We consulted on a proposal to withdraw recommendations 1.1.1, 1.1.2, 1.1.4 and 1.1.5 on communication and support and replace them with a cross reference to the NICE guideline on patient experience in adult NHS services, and also to retain recommendation 1.1.3 on the provision of advice on skin protection and avoidance of vitamin D depletion, but to move it to section 1.3 on managing suboptimal vitamin D levels. However, comments received at consultation described the value of specific communication, information and support to people with melanoma and so recommendations 1.1.1 to 1.1.5 will be retained.

For further details and a summary of all evidence identified in surveillance, see appendix A1.

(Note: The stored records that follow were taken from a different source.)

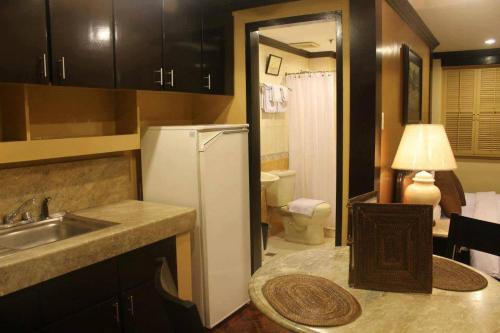 a kitchen with a refrigerator and a sink and a toilet at Lourdes Suites in Manila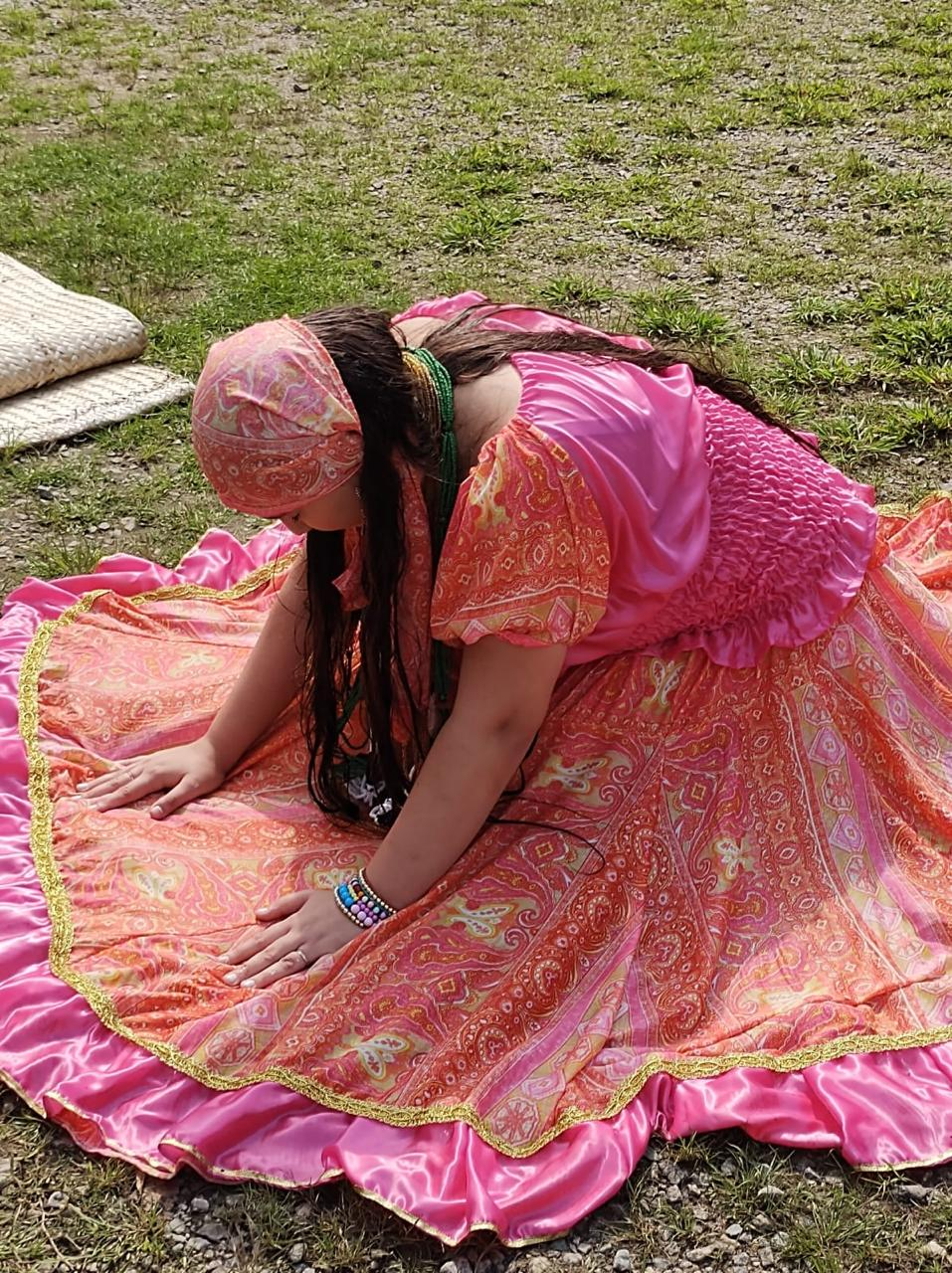 Vidente Samanta em momento ritualístico com vestes rosadas ao ar livre
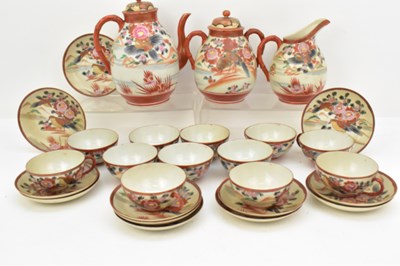 Lot 260 - A Japanese iron red tea set comprising teapot,...
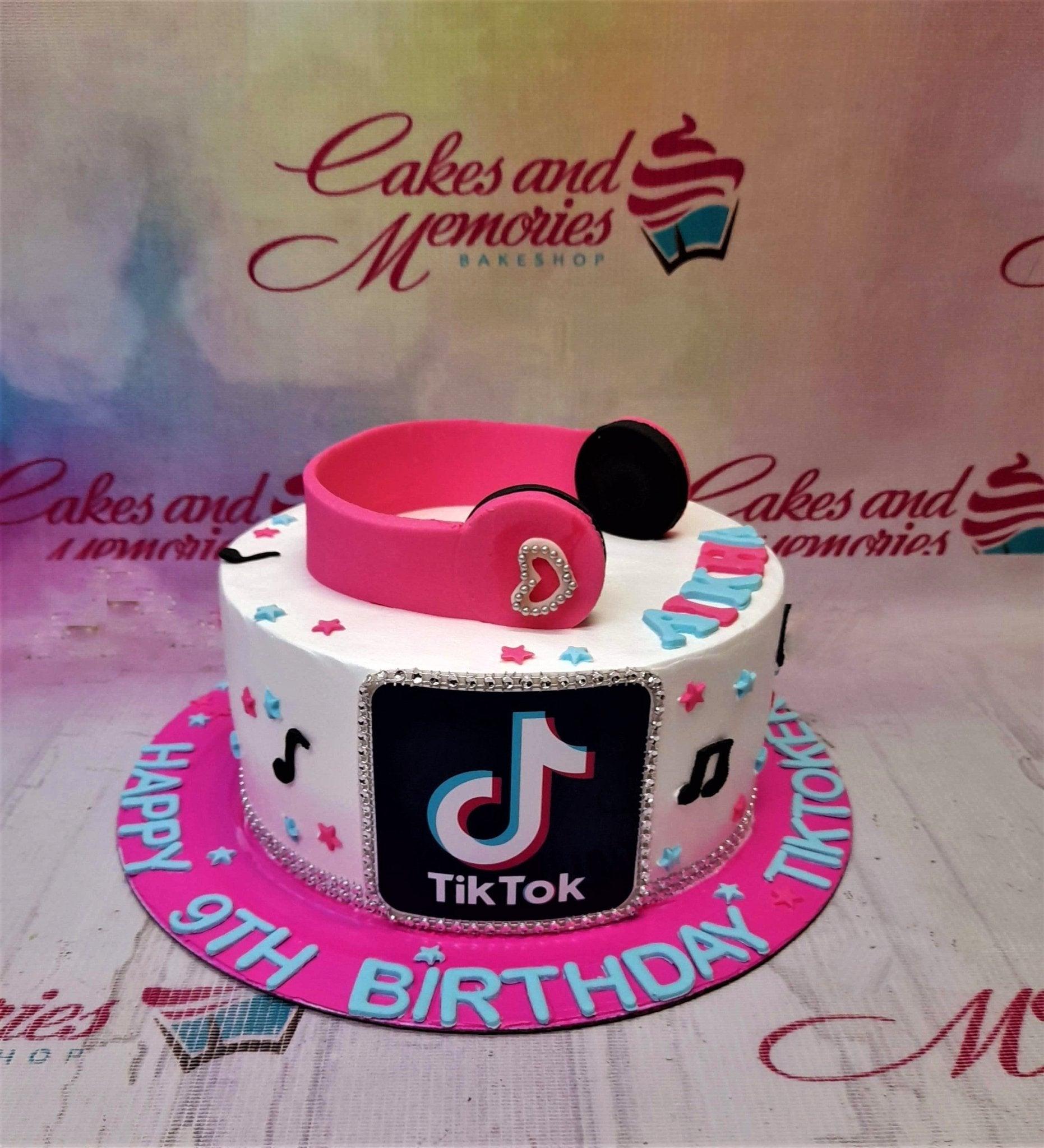 White TikTok themed birthday cake with pink headphones topper, music notes, and stars on a hot pink base board.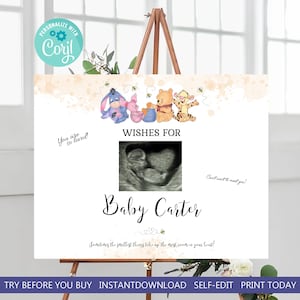 Puede incluir: Un letrero blanco para baby shower sobre un caballete, con personajes de Winnie the Pooh y el texto "Wishes For Baby Carter". Incluye una imagen de ultrasonido y las frases "You are so loved!" y "Can't wait to meet you!"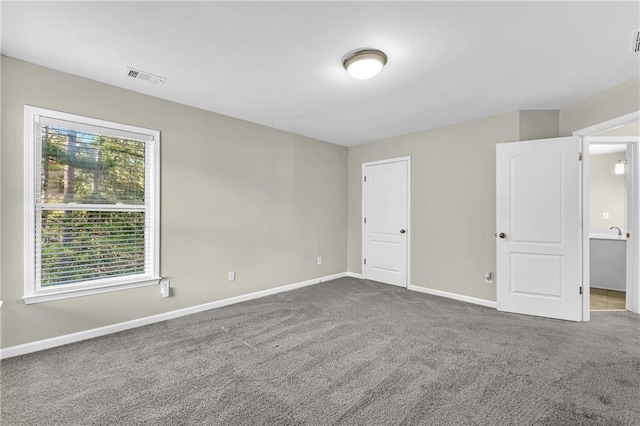 unfurnished bedroom with visible vents, carpet flooring, and baseboards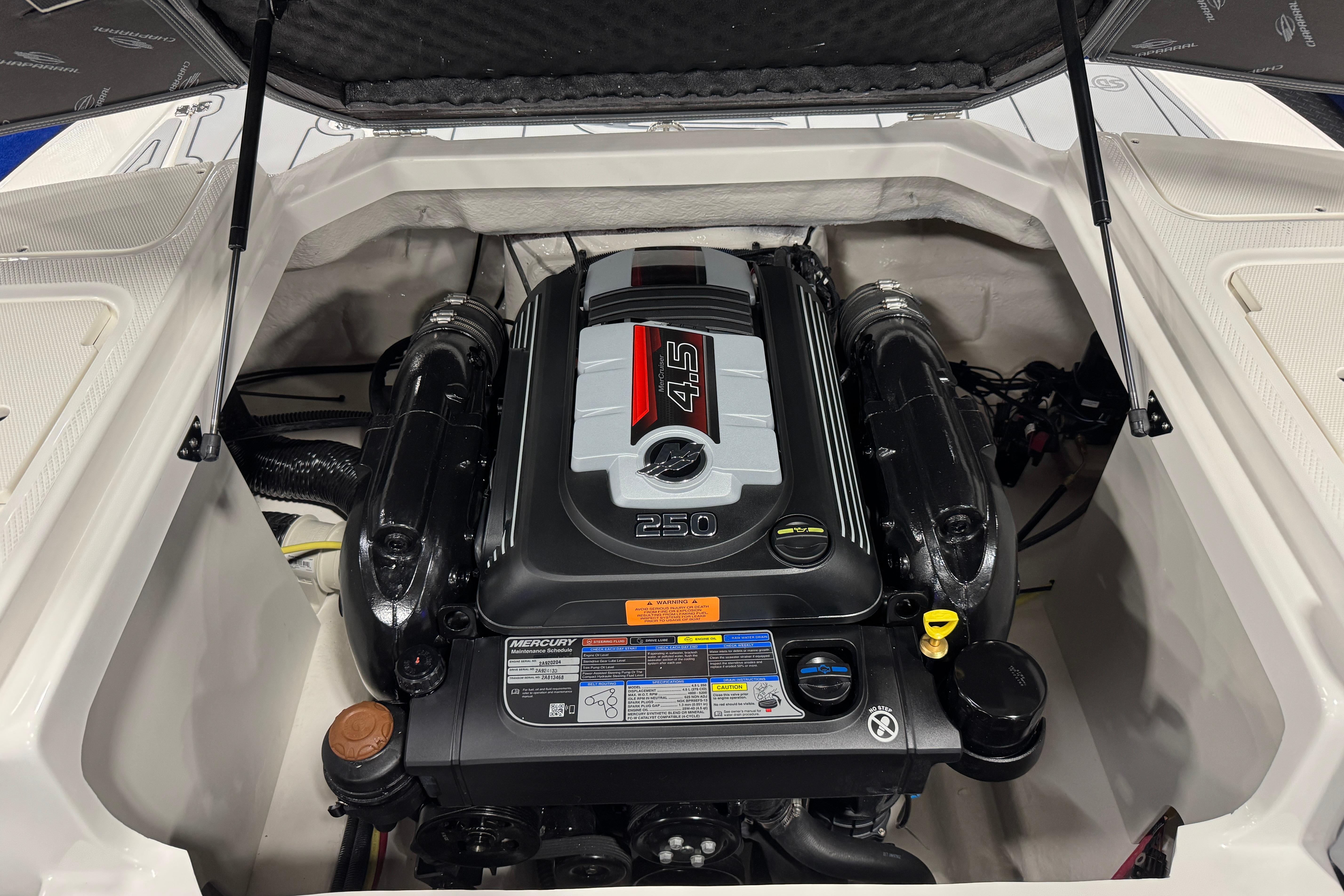 2026 Chaparral 23 SSi boat engine compartment with Mercury 4.5L 250 HP engine.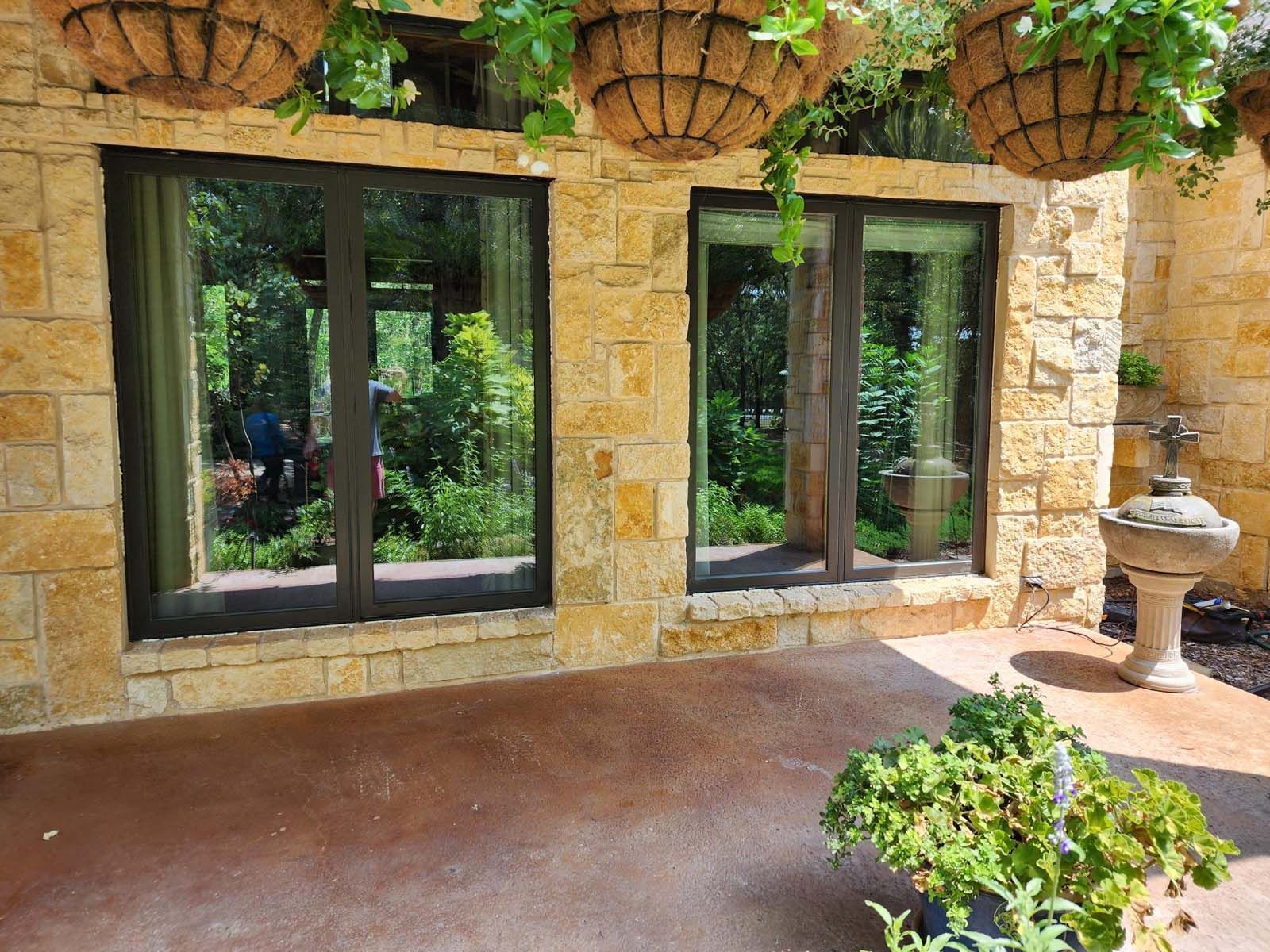 Two windows with dark frames set in a tan stone wall, beneath hanging baskets.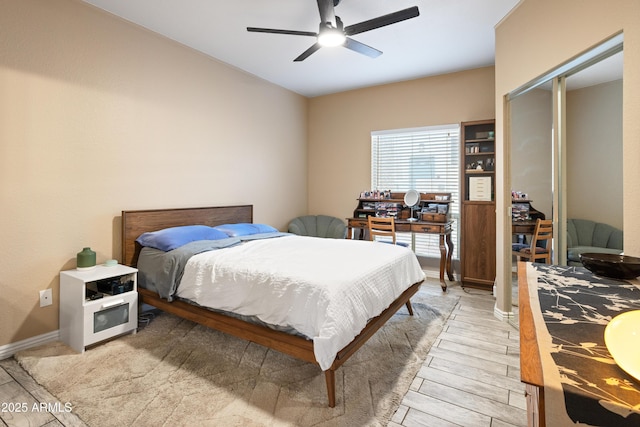 bedroom featuring a ceiling fan and light wood-style floors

Improving outcomes for people with skin tumours including melanoma

Topic expert feedback received during surveillance indicated that this NICE guideline is considered outdated, does not reflect current service structures, and is no longer fit for purpose. Key issues include changes in cancer infrastructure and strategy, and developments in assessment, staging and management of skin cancer since the publication of the guideline.

The 2010 partial update refers to service structures that are no longer in operation, including cancer networks and primary care trusts.

We consulted on the surveillance proposal to withdraw this guideline. Stakeholders emphasised the continuing usefulness of it to clinical practice. However, as service structures have changed since it was published, it is proposed that we update it.